The term "RAID" was first defined by David Patterson, Garth A. Gibson, and Randy Katz at the University of California, Berkeley in 1987.^[3] Marketers representing industry RAID manufacturers later attempted to reinvent the term to describe a redundant array of independent disks as a means of disassociating a low-cost expectation from RAID technology.^[4]^[5]

Data striping:

In computer data storage, data striping is the technique of segmenting logically sequential data, such as a file, in a way that accesses of sequential segments are made to different physical storage devices. Striping is useful when a processing device requests access to data more quickly than a storage device can provide access. By performing segment accesses on multiple devices, multiple segments can be accessed concurrently. This provides more data access throughput, which avoids causing the processor to idly wait for data accesses. Striping is used across disk drives in RAID storage, network interfaces in Grid-oriented Storage, and RAM in some systems.

RAID parity

Further information: Parity bit

Many RAID levels employ an error protection scheme called "parity", a widely used method in information technology to provide fault tolerance in a given set of data. Most use the simple XOR parity described in this section, but RAID 6 uses two separate parities based respectively on addition and multiplication in a particular Galois Field^[12] or Reed-Solomon error correction.

The XOR operator is central to how parity data are created and used within an array. It is used both for the protection of data, as well as for the recovery of missing data.

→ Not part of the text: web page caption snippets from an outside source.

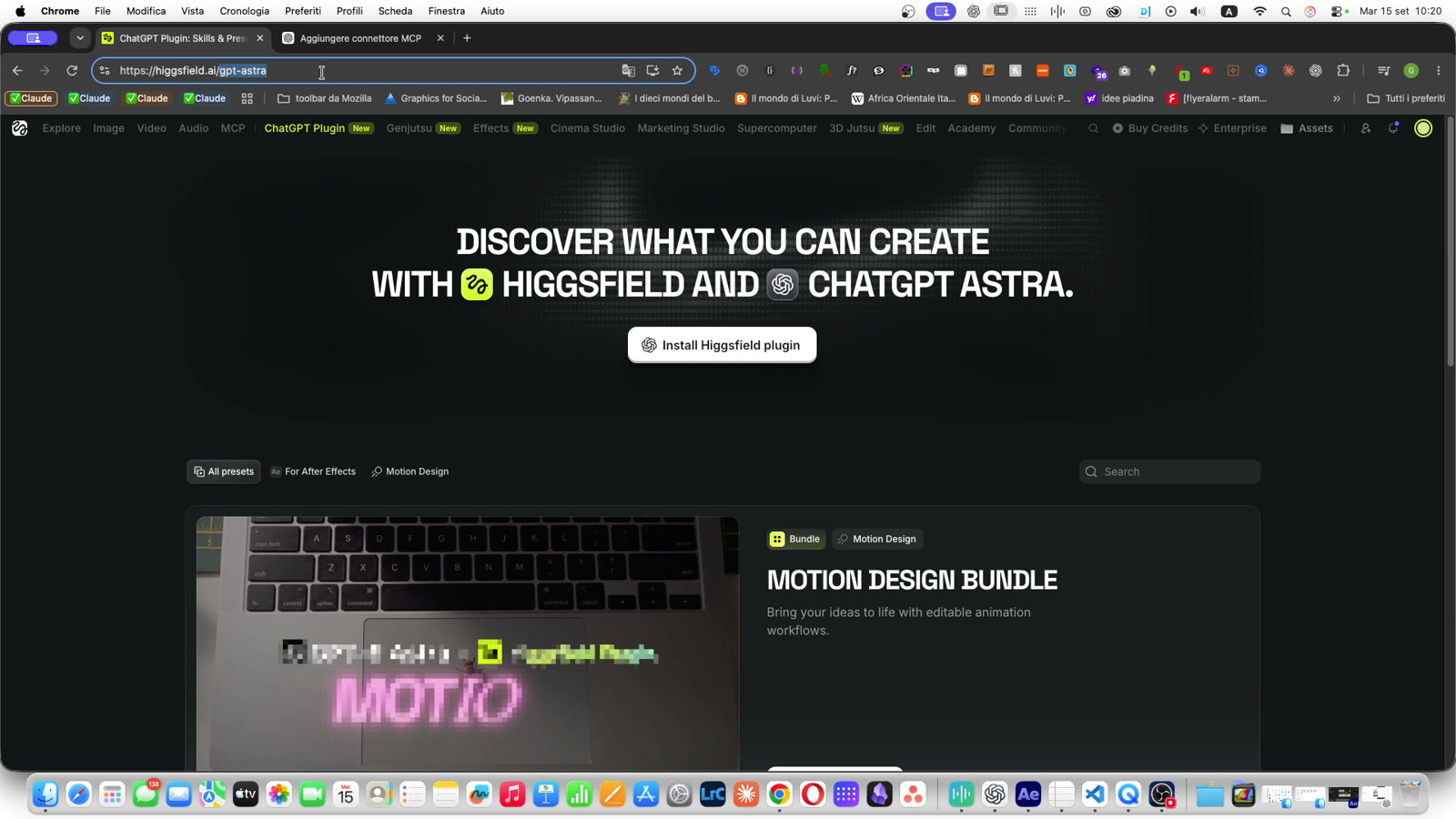 Pagina del plugin Higgsfield per ChatGPT e GPT-6 Astra, da installare prima di usare After Effects con ChatGPT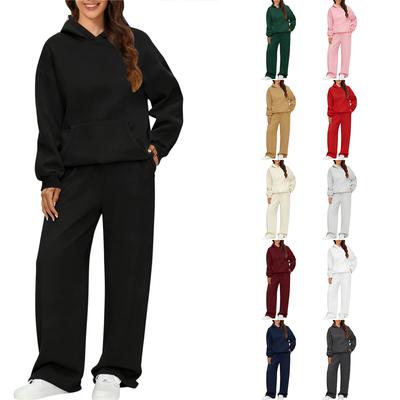 Womens 2 Piece Outfits Hoodie Sweatsuit Sets Oversized Sweatshirt Baggy Fall Fashion Sweatpants With Pockets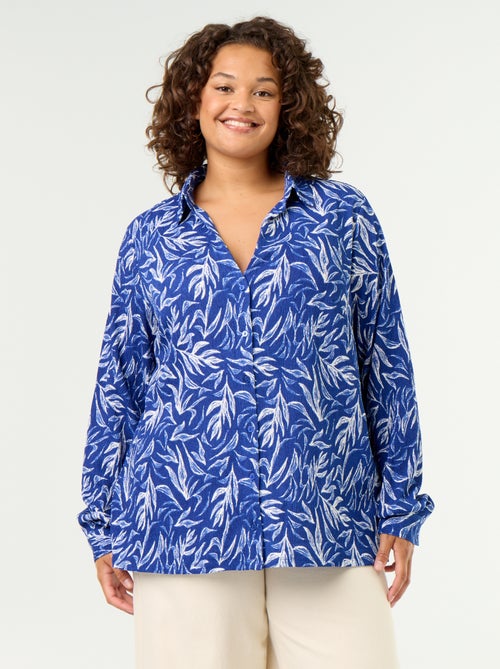 Gecrêpte blouse met print - Kiabi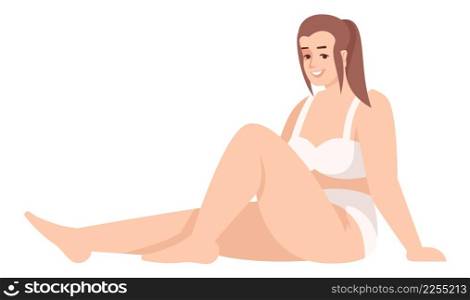 Curvy female model posing in underwear semi flat RGB color vector illustration. Self-acceptance. Person promoting body positivity approach isolated cartoon character on white background. Curvy female model posing in underwear semi flat RGB color vector illustration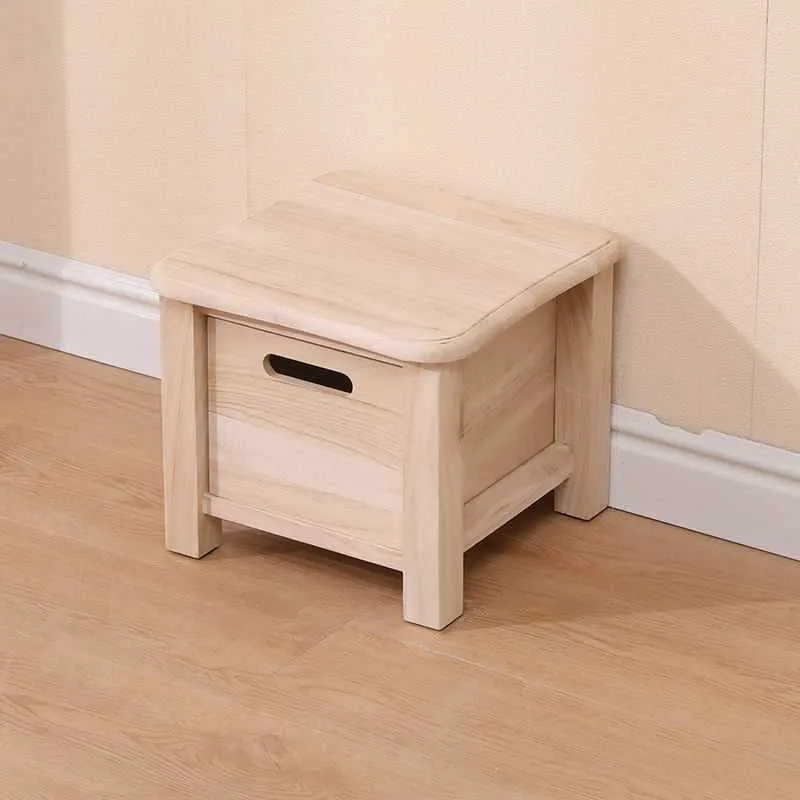 Modern Minimalist Square Paulownia Wood Lightweight Low Stool Backless Armless For Hallway & Entryway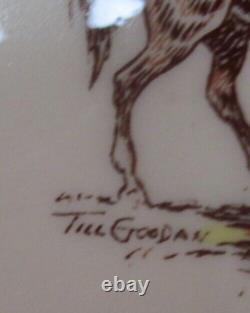 Vtg Wallace Pottery Western Ho Rodeo Pattern Lrg 9 1/4 Round Serving Bowl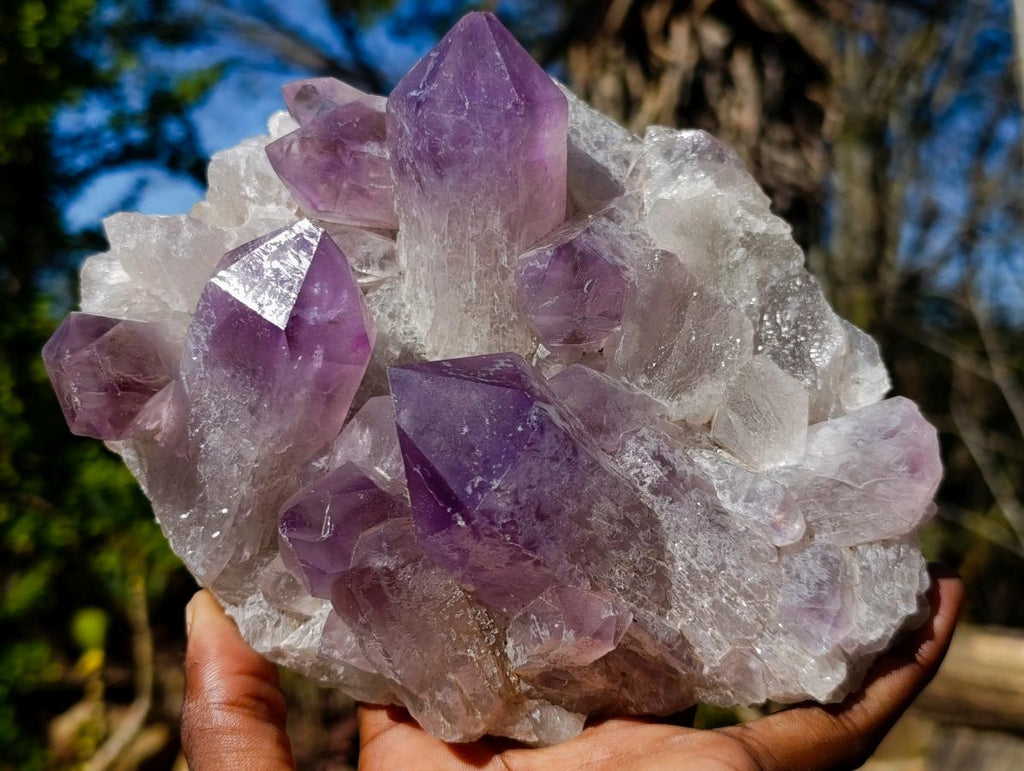 Natural Jacaranda Amethyst Crystal Clusters x 2 From Mumbwa, Zambia - Toprock Gemstones and Minerals 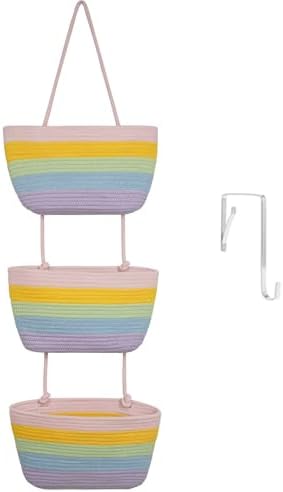 TeoKJ Over the Door Hanging Basket, 3-Tier Woven Cotton Wall-Mounted Storage by TeoKJ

As an example, consider a simple RAID made up of 6 drives (4 for data, 1 for parity, and 1 for use as a hot spare), where each drive has only a single byte worth of storage (a '-' represents a bit, the value of which doesn't matter at this point in the discussion):

Drive #1: -------- (Data)

Drive #2: -------- (Data)

Drive #3: -------- (Data)

Drive #4: -------- (Data)

Drive #5: -------- (Hot Spare)

Drive #6: -------- (Parity)

Suppose the following data are written to the drives:

Drive #1: 00101010 (Data)

Drive #2: 10001110 (Data)

Drive #3: 11110111 (Data)

Drive #4: 10110101 (Data)

Drive #5: -------- (Hot Spare)

Drive #6: -------- (Parity)

Every time data are written to the data drives, a parity value must be calculated in order for the array to be able to recover in the event of a failure. To calculate the parity for this RAID, a bitwise XOR of each drive's data is calculated as follows, the result of which is the parity data:

00101010
XOR 10001110 XOR 11110111 XOR 10110101 = 11100110

The parity data 11100110 are then written to the dedicated parity drive:

Drive #1: 00101010 (Data)

Drive #2: 10001110 (Data)

Drive #3: 11110111 (Data)

Drive #4: 10110101 (Data)

Drive #5: -------- (Hot Spare)

Drive #6: 11100110 (Parity)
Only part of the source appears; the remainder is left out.